After the powerful influence of Augustine upon the Latin Church, the doctrine of endless torment began to gain the ascendency. Nevertheless, throughout the dark ages that ensued there still arose an occasional glimmer of hope here or there. Among the most notable of these were the following:
Olympiodorus the Deacon
(A.D. 550)
Little is known of this Greek scholar
other than that he wrote several commentaries on the Scriptures and some
philosophical works, including one on Aristotle. Some confusion exists because
there was a contemporary pagan Neoplatonist philosopher by the same name. To
help distinguish the two, the deacon is also sometimes referred to as the elder
and the Neoplatonist as the younger. The Universalism of deacon is evident in
this remark:
Do not suppose that the soul is
punished for endless eons (apeirou aionias) in Tartarus. Very properly, the
soul is not punished to gratify the revenge of the divinity, but for the sake
of healing. But we say that the soul is punished for an aionion period
(aionios) calling its life and its allotted period of punishment, its aeon.[76]
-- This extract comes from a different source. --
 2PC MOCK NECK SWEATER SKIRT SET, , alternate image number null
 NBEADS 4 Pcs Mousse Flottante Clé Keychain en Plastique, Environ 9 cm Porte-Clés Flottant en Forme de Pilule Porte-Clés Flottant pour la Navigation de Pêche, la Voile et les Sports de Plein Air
Even more interesting is his allusion to re-embodiment, which suggests that he held to the belief along Origenian lines. Note the following citation from Beecher:
Of the very worst, he says, that they need a second life. And a second period of punishment, to be made perfectly pure, and that Plato called this double period their aion.[77]
Maximus the Confessor
(c. 580 – 662)
Maximus
the Confessor was a monk and scholar who served as secretary to Emperor
Heraclius. He was also a close friend and confidant to Pope Martin I. He was
banished by Emperor Constans II, because Maximus opposed his efforts to force
the people to follow his religious views. Regarding Maximus, Hanson quotes
Neander as follows…
The fundamental ideas of Maximus seem to lead to the
doctrine of a final universal restoration, which in fact is intimately
connected also with the system of Gregory of Nyssa, to which he most closely
adhered. Yet he was too much fettered by the church system of doctrine
distinctly to express anything of the sort." Neander adds, that in his
aphorisms "the reunion of all rational essences with God is established as
the final end." "Him who wholly unites all things in the end of the
ages, or in eternity." Ueberweg states that "Maximus taught that God
had revealed himself through nature and by his Word. The incarnation of God in
Christ was the culmination of revelation and would therefore have taken place
even if man had not fallen. The Universe will end in the union of all things
with God.[78]
_________________________
Universalism
in the Dark Ages
Clement of Ireland
(ca. 771 – 818)
Clement of Ireland, aka Clemens Scotus, was
born in Ireland, about the year 771 This Scottish scholar planted the mustard
seed which developed into a great tree of learning at Paris. In his book, The Ancient History of Universalism, Hosea
Ballou tells us that Clement was an ordained minister in the Romish Church who
discarded its superstitions, renounced its authority and rejected the whole
mass of ecclesiastical canons the decrees of the councils and all the treatises
and expositions of the fathers reserving to himself the Bible alone as the guide of his faith
although in those days, the Bible had been forbidden the people.[79]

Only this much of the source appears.